- [Collected data]:
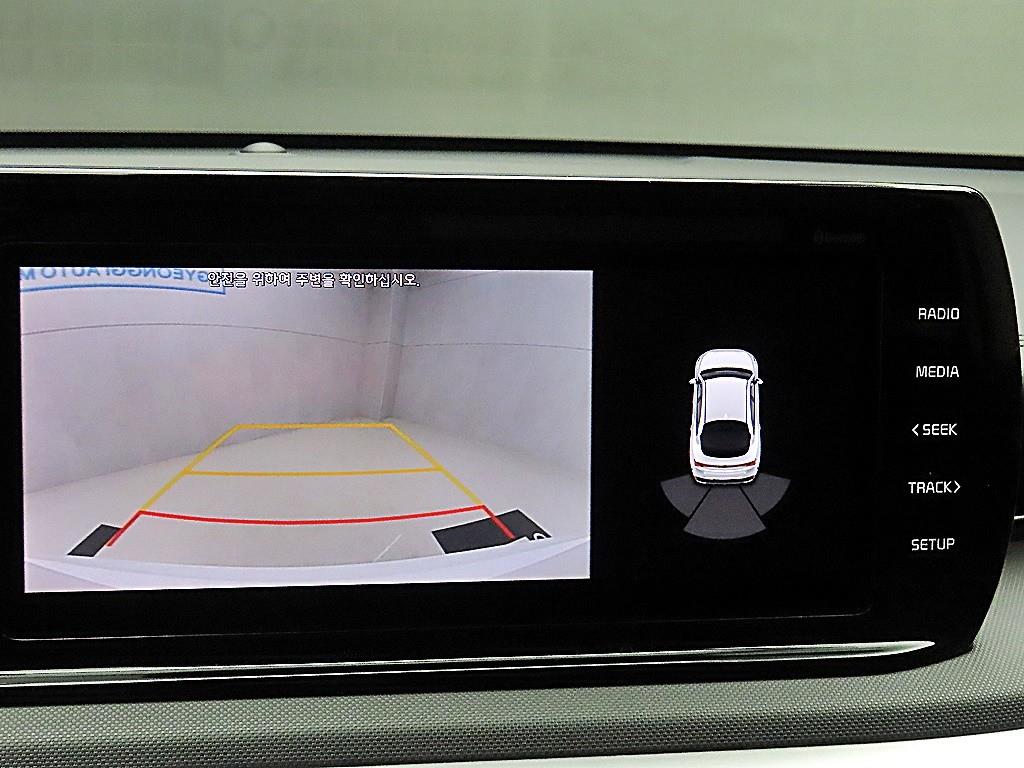 KIA K5 2020 Blanco - Importación desde Corea - HF Imports Iquique - Foto 16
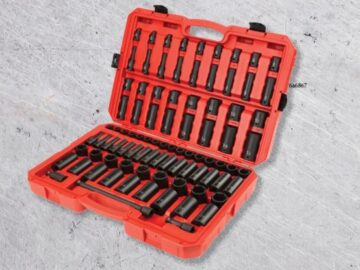 Cal Ranch March Tekton Impact Socket Set Giveaway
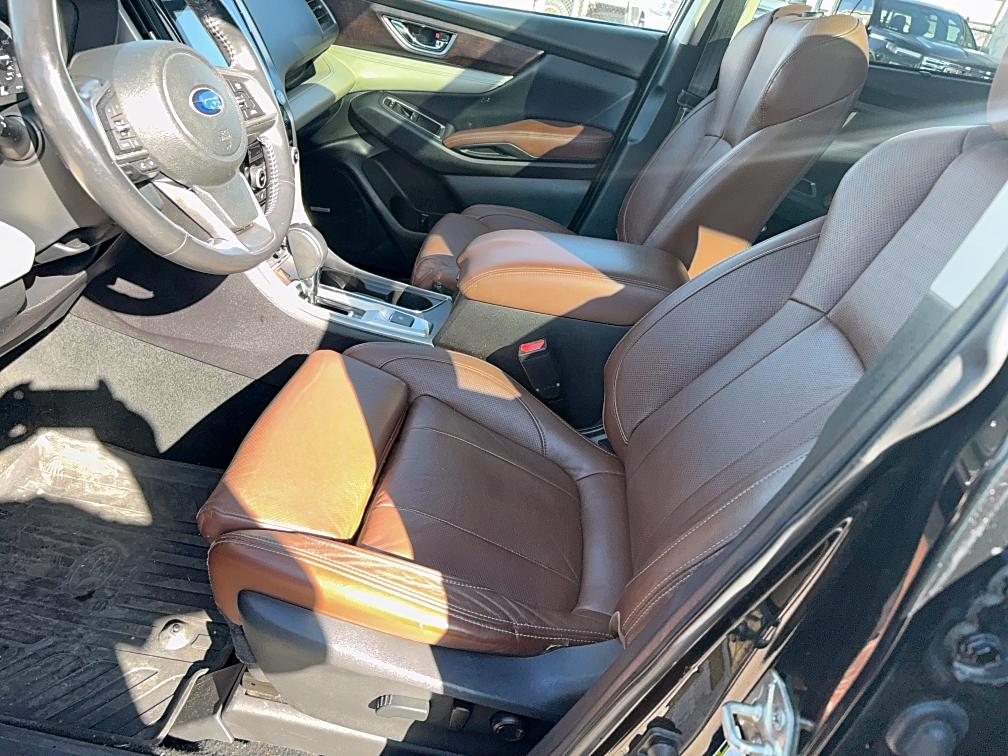 4S4WMARD7K3402282 - 2019 SUBARU ASCENT TOURING Schwarz Foto 12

- [Problem description]:
Copy the whole listing exactly, excluding the pictures in it.

- [Solution for this problem]:
 KIA K5 2020 Blanco - Importación desde Corea - HF Imports Iquique - Foto 16
 Cal Ranch March Tekton Impact Socket Set Giveaway
 4S4WMARD7K3402282 - 2019 SUBARU ASCENT TOURING Schwarz Foto 12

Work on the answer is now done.